The State of Colorado has a dilemma on their hands and it could leave the Western Slope dry.

Nearly 80% of the population of the state lives on the Front Range while nearly 80% of the precipitation in Colorado falls on the western side of the state. So, while we on the Western Slope of Colorado have all of the water we need to take care of what our needs are, the Front Range has a shortfall, so guess where they get their water?

But politicians like Scott Tipton say enough is enough:

“We cannot expect the Western Slope ... to carry the water demands for the Front Range,” he said. “And to supply every growing urban mass on the Front Range is something we need to make sure we’re protected from.”

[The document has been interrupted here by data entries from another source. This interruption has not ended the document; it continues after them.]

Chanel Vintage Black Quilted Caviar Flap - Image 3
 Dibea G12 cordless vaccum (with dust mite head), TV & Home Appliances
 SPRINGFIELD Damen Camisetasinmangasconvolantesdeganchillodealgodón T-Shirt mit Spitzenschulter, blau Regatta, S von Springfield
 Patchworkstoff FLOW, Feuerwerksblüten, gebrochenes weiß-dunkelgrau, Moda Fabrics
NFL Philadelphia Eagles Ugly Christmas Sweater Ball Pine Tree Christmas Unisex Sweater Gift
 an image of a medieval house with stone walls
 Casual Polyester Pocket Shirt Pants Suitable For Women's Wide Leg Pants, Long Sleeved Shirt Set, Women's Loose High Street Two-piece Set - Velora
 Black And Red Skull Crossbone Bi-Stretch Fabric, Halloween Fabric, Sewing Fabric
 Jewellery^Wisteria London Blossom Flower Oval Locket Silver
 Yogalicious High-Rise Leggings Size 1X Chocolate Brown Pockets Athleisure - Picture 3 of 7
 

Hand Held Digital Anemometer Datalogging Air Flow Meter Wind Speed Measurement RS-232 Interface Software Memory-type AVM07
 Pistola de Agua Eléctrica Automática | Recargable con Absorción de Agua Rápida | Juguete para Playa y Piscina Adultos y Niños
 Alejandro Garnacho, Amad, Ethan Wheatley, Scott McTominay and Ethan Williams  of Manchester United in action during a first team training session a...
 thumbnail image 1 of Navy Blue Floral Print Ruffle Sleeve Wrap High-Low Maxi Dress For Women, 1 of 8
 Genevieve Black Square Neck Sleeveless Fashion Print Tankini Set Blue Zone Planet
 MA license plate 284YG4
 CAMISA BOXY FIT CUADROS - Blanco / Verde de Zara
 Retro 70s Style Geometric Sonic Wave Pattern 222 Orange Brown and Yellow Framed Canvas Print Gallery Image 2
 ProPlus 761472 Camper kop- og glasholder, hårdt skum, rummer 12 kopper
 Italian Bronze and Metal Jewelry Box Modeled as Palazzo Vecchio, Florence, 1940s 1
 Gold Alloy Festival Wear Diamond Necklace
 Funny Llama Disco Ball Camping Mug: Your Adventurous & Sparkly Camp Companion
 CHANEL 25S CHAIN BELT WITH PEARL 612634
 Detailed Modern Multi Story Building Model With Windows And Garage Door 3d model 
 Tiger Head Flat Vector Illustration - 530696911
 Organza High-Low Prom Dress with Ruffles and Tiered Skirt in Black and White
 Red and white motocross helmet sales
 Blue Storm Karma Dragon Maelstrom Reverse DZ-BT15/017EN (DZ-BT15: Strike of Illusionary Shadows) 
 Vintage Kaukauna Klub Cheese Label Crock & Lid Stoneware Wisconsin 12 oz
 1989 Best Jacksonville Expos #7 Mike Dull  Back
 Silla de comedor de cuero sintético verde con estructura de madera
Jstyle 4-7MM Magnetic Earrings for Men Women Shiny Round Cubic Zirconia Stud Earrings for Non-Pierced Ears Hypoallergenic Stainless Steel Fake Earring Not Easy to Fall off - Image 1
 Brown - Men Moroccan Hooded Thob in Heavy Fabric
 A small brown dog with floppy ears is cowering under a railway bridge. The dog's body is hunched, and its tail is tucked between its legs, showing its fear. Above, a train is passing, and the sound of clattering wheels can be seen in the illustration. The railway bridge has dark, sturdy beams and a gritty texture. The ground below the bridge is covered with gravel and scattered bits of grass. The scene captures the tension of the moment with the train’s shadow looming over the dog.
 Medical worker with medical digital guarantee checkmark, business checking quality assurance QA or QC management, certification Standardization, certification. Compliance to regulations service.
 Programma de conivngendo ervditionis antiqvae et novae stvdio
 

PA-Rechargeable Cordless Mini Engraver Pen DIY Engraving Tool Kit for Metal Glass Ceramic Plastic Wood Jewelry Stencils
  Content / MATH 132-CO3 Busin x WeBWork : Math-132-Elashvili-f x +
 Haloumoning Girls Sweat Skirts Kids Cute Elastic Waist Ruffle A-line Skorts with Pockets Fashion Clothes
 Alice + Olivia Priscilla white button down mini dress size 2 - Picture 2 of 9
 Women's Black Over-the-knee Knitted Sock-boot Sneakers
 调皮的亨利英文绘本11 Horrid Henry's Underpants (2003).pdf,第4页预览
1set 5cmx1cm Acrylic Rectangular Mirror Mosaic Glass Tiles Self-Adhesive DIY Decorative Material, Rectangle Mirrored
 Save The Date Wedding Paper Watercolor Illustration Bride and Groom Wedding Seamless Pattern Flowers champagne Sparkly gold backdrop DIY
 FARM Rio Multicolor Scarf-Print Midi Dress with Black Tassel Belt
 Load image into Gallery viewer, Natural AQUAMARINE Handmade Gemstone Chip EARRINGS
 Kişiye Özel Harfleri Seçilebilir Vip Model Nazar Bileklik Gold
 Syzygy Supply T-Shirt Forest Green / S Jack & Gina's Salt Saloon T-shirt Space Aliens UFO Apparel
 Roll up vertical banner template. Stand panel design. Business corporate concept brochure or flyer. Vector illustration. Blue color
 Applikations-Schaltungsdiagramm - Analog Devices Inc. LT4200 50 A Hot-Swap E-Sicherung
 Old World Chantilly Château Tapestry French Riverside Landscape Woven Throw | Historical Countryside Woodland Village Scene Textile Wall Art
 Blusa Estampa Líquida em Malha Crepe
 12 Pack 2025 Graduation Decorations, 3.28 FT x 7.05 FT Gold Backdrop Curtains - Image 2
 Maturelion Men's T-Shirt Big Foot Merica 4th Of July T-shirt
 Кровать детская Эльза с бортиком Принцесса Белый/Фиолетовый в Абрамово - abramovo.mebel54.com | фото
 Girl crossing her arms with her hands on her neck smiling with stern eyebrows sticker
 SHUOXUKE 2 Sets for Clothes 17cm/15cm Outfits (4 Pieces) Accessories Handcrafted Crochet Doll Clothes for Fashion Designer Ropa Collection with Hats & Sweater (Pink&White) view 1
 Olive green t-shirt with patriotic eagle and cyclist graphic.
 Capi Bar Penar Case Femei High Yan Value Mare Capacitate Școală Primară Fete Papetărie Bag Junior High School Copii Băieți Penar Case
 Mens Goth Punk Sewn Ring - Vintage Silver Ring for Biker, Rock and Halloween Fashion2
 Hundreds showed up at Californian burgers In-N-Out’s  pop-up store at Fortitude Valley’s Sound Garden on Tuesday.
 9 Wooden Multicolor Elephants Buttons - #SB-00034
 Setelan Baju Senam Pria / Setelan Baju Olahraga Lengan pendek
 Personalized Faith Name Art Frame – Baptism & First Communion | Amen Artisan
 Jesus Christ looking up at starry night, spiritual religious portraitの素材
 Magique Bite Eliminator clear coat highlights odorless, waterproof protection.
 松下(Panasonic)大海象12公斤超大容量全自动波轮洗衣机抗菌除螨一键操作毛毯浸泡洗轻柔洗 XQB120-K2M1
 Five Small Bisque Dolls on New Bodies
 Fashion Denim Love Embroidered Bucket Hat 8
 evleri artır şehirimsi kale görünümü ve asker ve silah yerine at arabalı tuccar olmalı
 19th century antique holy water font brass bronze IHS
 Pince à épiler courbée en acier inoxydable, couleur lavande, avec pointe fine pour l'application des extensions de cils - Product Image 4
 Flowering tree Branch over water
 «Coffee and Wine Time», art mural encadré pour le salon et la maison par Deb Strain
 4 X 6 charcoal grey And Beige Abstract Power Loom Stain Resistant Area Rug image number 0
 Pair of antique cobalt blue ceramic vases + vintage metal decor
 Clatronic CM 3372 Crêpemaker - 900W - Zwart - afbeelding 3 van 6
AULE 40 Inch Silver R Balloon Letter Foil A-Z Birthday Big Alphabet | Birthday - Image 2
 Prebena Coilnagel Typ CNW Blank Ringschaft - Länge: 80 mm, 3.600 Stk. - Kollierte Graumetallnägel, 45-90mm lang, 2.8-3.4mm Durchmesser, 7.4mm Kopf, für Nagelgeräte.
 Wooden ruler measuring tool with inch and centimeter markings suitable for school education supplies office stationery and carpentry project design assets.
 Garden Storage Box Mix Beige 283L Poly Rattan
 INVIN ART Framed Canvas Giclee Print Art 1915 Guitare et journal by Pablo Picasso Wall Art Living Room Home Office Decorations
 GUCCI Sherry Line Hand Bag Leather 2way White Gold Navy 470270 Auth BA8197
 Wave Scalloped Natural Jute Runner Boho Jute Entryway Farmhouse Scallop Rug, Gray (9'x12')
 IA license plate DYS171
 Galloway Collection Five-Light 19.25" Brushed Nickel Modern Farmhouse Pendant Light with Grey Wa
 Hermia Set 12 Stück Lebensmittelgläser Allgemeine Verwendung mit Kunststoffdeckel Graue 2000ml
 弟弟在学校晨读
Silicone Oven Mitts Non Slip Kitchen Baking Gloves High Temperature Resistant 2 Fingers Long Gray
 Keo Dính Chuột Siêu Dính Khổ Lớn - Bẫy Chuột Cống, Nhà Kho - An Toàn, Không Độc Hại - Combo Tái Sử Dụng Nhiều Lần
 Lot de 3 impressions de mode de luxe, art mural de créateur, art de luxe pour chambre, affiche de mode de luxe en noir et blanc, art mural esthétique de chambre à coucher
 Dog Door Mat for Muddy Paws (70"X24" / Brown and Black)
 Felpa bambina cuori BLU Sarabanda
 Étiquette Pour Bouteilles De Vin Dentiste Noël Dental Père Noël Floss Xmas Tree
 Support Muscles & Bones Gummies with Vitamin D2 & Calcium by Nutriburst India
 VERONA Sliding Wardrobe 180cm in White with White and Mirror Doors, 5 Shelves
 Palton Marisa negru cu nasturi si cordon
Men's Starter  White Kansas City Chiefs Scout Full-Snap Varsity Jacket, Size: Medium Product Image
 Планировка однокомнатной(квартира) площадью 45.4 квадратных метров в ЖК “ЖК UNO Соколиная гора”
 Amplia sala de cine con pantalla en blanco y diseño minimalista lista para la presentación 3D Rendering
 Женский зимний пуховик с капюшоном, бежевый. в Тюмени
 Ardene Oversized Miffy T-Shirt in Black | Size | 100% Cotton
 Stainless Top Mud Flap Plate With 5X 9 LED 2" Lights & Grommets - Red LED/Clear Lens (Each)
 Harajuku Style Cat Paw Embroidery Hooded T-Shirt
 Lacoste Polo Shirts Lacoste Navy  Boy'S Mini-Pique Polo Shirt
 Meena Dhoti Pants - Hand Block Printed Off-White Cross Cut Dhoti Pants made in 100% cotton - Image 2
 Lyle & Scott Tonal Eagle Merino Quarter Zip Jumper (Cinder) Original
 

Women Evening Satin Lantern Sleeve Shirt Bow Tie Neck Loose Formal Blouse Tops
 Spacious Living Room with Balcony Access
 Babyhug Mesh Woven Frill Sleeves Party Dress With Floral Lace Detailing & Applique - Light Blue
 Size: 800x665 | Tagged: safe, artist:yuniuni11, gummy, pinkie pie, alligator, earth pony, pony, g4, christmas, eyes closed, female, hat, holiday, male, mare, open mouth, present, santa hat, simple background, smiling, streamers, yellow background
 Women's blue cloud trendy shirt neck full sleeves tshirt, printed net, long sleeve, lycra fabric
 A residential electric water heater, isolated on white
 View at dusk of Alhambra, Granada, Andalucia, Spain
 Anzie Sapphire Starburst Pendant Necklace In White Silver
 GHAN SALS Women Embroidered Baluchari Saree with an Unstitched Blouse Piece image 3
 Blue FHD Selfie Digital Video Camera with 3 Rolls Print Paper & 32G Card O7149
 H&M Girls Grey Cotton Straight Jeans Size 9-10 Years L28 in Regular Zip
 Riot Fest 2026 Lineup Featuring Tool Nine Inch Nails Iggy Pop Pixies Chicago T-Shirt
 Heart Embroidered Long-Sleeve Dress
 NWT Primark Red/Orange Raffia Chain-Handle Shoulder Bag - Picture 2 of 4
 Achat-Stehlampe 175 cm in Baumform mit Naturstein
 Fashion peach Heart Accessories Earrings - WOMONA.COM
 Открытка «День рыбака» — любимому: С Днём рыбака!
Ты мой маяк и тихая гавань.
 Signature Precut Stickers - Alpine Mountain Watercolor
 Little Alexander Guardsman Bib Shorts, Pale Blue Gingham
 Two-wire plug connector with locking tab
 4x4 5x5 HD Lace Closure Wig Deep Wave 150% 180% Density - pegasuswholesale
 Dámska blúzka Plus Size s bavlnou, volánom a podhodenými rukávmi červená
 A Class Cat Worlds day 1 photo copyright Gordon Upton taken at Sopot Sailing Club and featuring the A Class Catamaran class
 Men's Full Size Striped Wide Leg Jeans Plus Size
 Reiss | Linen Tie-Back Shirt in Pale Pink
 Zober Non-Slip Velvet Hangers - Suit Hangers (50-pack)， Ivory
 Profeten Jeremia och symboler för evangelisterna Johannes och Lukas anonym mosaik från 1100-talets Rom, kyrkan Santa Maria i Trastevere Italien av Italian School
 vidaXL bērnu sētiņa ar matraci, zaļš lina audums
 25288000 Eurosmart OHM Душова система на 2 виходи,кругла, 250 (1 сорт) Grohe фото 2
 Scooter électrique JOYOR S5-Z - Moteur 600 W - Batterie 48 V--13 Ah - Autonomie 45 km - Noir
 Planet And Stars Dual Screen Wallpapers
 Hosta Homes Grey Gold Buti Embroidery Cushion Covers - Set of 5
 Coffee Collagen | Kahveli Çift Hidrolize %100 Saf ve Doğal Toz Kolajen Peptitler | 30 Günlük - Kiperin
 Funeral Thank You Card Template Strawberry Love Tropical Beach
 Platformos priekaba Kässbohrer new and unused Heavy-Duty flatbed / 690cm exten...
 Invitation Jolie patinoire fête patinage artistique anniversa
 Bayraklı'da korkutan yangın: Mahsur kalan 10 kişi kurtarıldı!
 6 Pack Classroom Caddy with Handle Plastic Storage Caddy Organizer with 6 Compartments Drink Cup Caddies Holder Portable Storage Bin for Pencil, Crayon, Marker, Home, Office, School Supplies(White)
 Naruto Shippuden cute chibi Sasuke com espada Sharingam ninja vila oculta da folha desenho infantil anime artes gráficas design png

Studies have shown there will be less water in the western portion of the state and more people moving in on the eastern side of the state which will leave a shortfall everywhere. Politicians and water managers are trying to plan for an increase in population but a decrease in available water. The population in Colorado is expected to reach 8.7 million people by 2050, and Colorado could see a shortfall in water that will leave many areas of the state with serious water restrictions.

So, what can be done about it?

There are plans being made, but the real issue is money. The water plan being devised would cost in the neighborhood of $40 billion dollars. The state has budgeted $10 million. And a ballot initiative could add an additional $15 million.

Seems like water isn't the only shortfall we're dealing with.